### [Aim of the exercise]
Set down the data again exactly. Pictures are not part of the copy.

### [Source material]
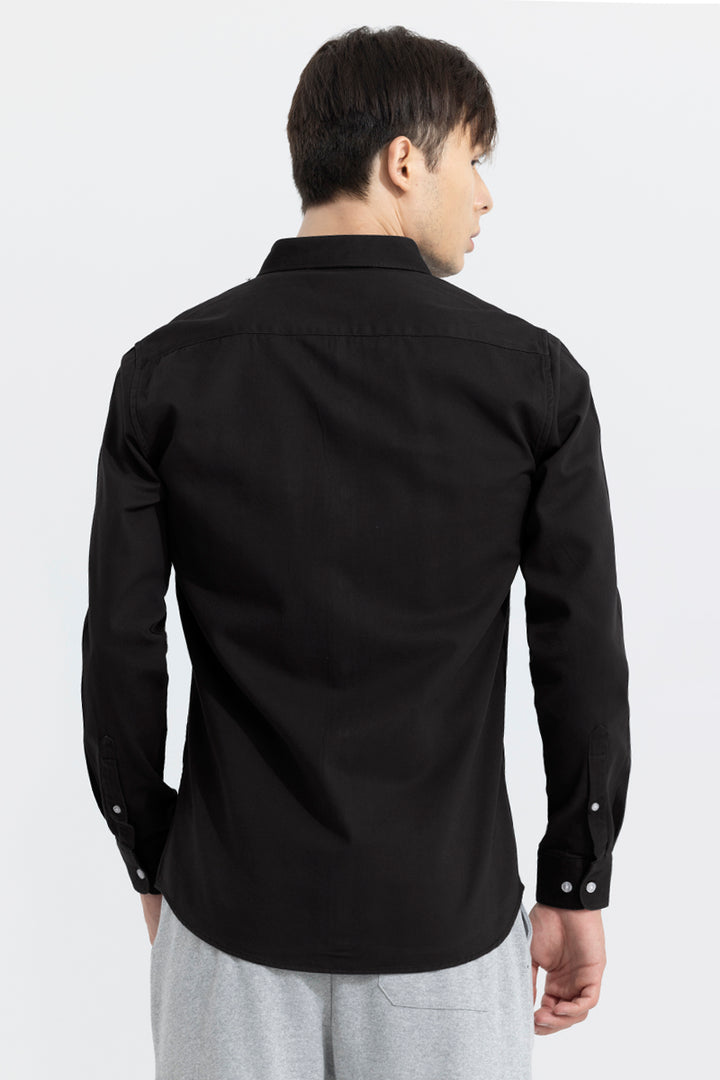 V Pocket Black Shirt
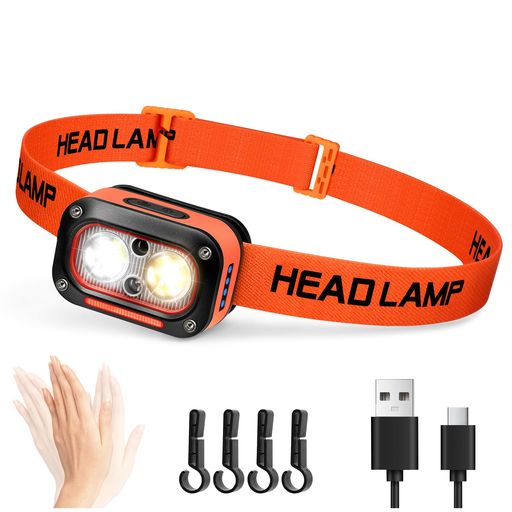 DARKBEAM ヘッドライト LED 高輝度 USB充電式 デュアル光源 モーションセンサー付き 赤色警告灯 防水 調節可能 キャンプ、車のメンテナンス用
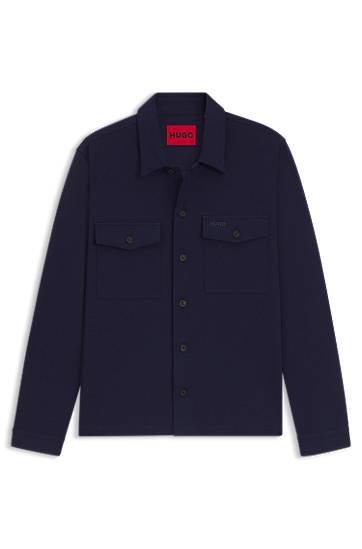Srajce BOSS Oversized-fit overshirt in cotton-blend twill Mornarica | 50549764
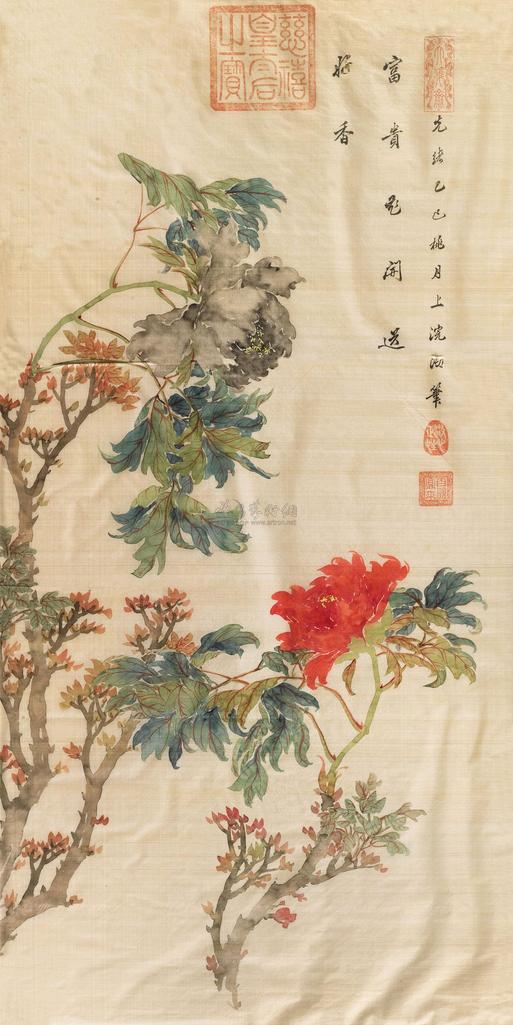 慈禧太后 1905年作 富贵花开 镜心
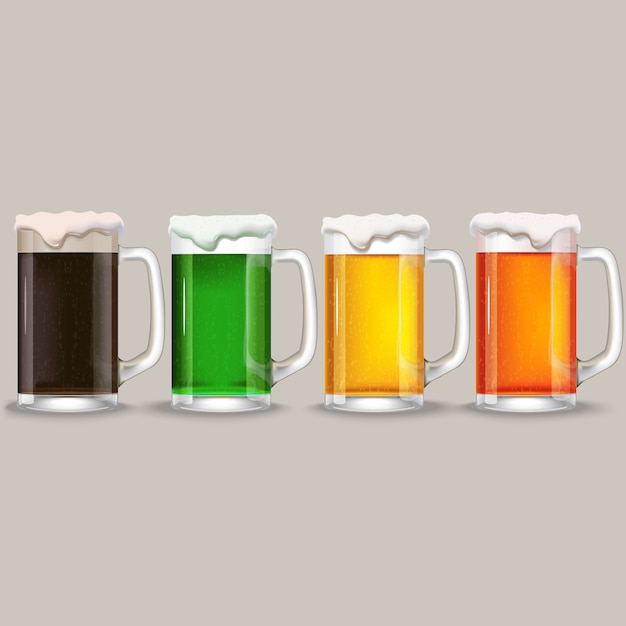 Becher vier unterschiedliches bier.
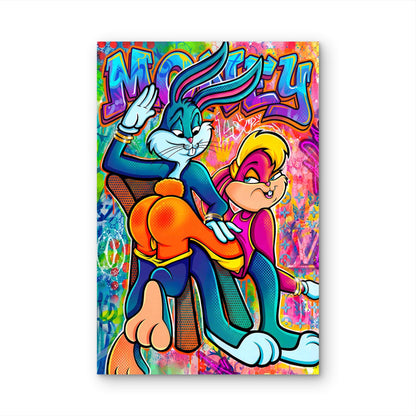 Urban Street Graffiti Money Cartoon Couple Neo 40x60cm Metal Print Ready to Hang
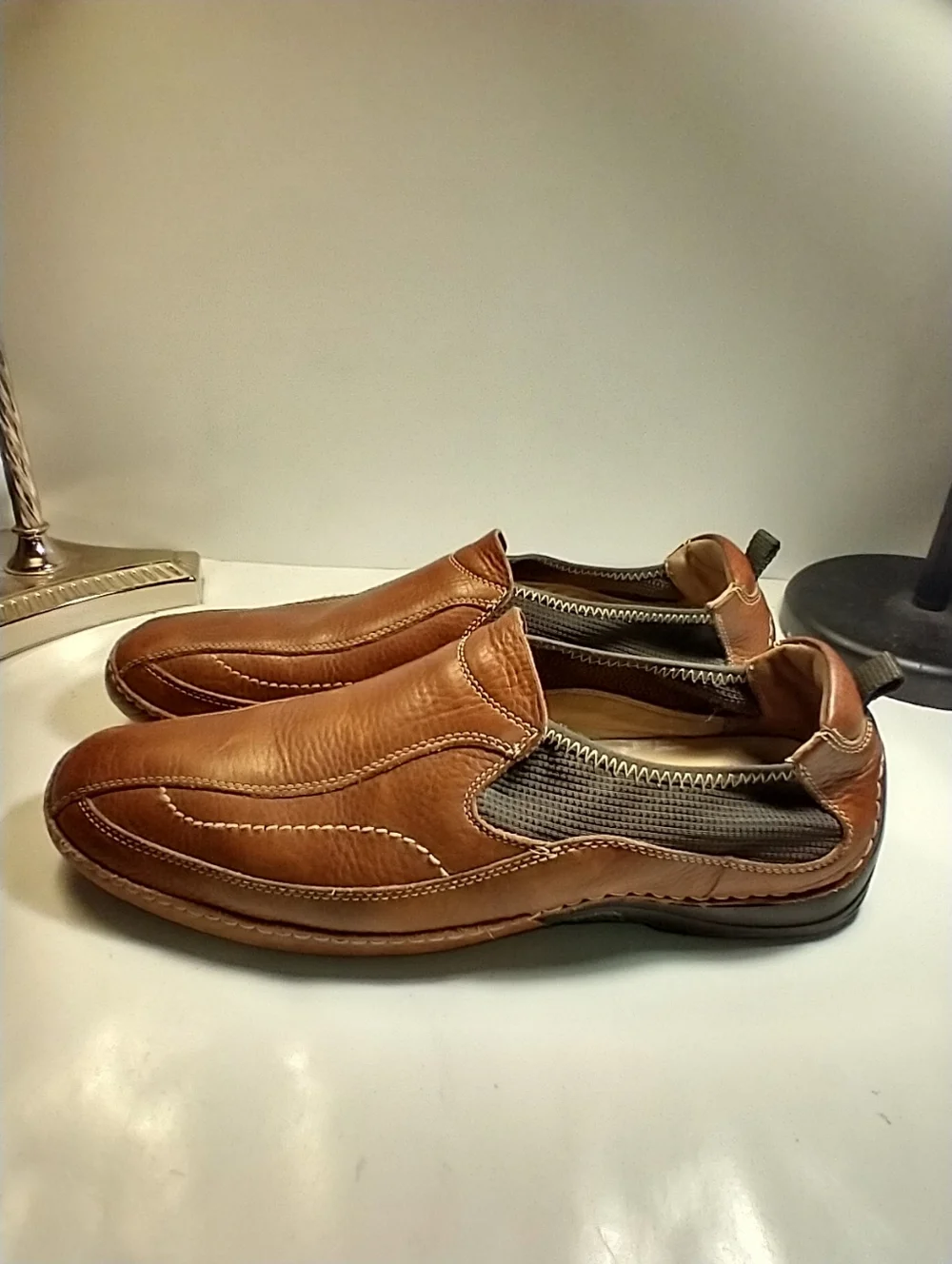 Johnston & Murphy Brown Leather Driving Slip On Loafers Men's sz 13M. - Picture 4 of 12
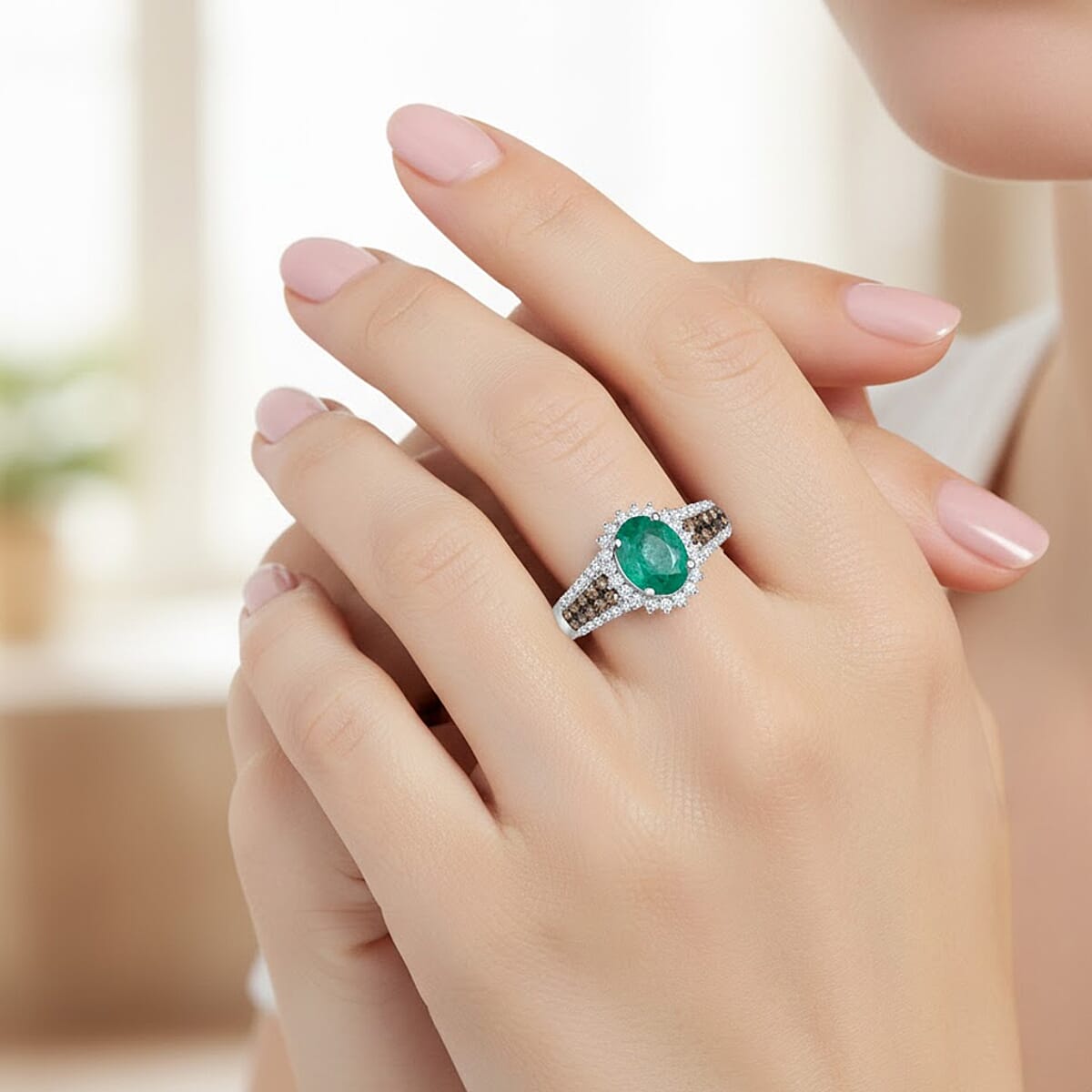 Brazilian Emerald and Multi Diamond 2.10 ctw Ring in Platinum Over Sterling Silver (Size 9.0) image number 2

### [Problem solution]
 V Pocket Black Shirt
 DARKBEAM ヘッドライト LED 高輝度 USB充電式 デュアル光源 モーションセンサー付き 赤色警告灯 防水 調節可能 キャンプ、車のメンテナンス用
Srajce BOSS Oversized-fit overshirt in cotton-blend twill Mornarica | 50549764
 慈禧太后 1905年作 富贵花开 镜心
 Becher vier unterschiedliches bier.
 Urban Street Graffiti Money Cartoon Couple Neo 40x60cm Metal Print Ready to Hang
 Johnston & Murphy Brown Leather Driving Slip On Loafers Men's sz 13M. - Picture 4 of 12
 Brazilian Emerald and Multi Diamond 2.10 ctw Ring in Platinum Over Sterling Silver (Size 9.0) image number 2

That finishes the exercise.